When pigs fly | the OM exemptions pending arrival in Ontario
By: Craig Skauge
On a trip to Toronto in late 2011, almost every person I met with, be they an EMD, Issuer, securities lawyer, or otherwise said that the biggest change they would like to see in the Exempt Market in Ontario was adoption of the OM exemption. Having said that, they each pretty much said a variation of the same thing about the possibility of that happening….
‘You’ll Never See It’
‘Not Gonna Happen’
‘They Won’t Even Consider It’
‘When Pigs Fly’
Always one to enjoy a challenge, it was then that I decided it was time to see if the impossible was in fact possible and if not, at least ruffle a few feathers and get NEMA (then WEMA) noticed by regulators.
In the first issue of this publication, I wrote an article entitled “The Island of Ontario.” Being extremely familiar with the inner workings of the retail Exempt Market and having been enlightened during my recent trip, I’d become perplexed with how different the OSC’s treatment of the retail Exempt Market was when compared to other jurisdictions. On one hand, the OSC appeared to be ahead of the curve implementing a Limited Market Dealer (LMD) regime well before NI 31-103 came into force, but on the other hand, their lack of retail based investor exemptions made that very registration category fairly useless. Why hold a license that only allows you to speak to 2% of the population?

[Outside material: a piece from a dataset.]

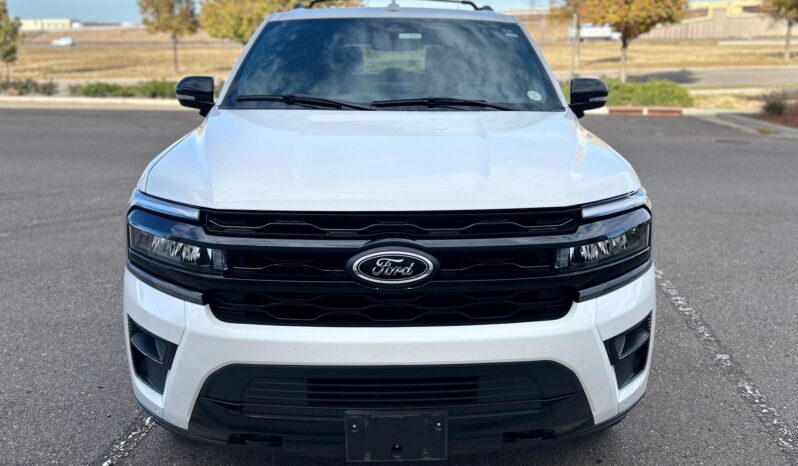 								2023 Ford Expedition Limited 4×4 full									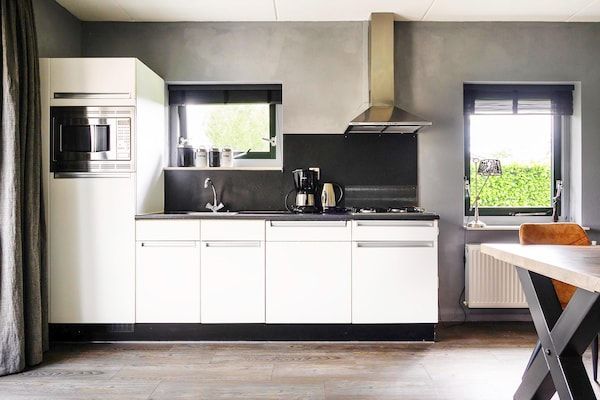 Keuken - Vrijstaand vakantiehuis aanlegsteiger en buitenspa in Vlagtwedde (4)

As it did not appear to be on the OSC’s agenda at the time, it needed to be brought up so I put my pen to paper and spoke my mind. When I wrote the aforementioned article, like many in this publication, its purpose was no more than to start a conversation. While I knew some might be offended by my commentary, the lack of an OM exemption in Ontario was an elephant in the room that was long overdue in being pointed out. It turned out that with a bit of prompting, being through letter campaigns on both the CSA review of the MA/AI Exemptions (where many brought up the lack of the OM exemption in Ontario) and the OSC’s 2012-2013 Statement of Priorities; the OSC was in fact open to discussing change. These letter campaigns and other efforts resulted in the formation of the OSC Exempt Market Advisory Committee (EMAC) in September of last year, which ultimately resulted in OSC Exempt Market Review Consultation Paper 45-710.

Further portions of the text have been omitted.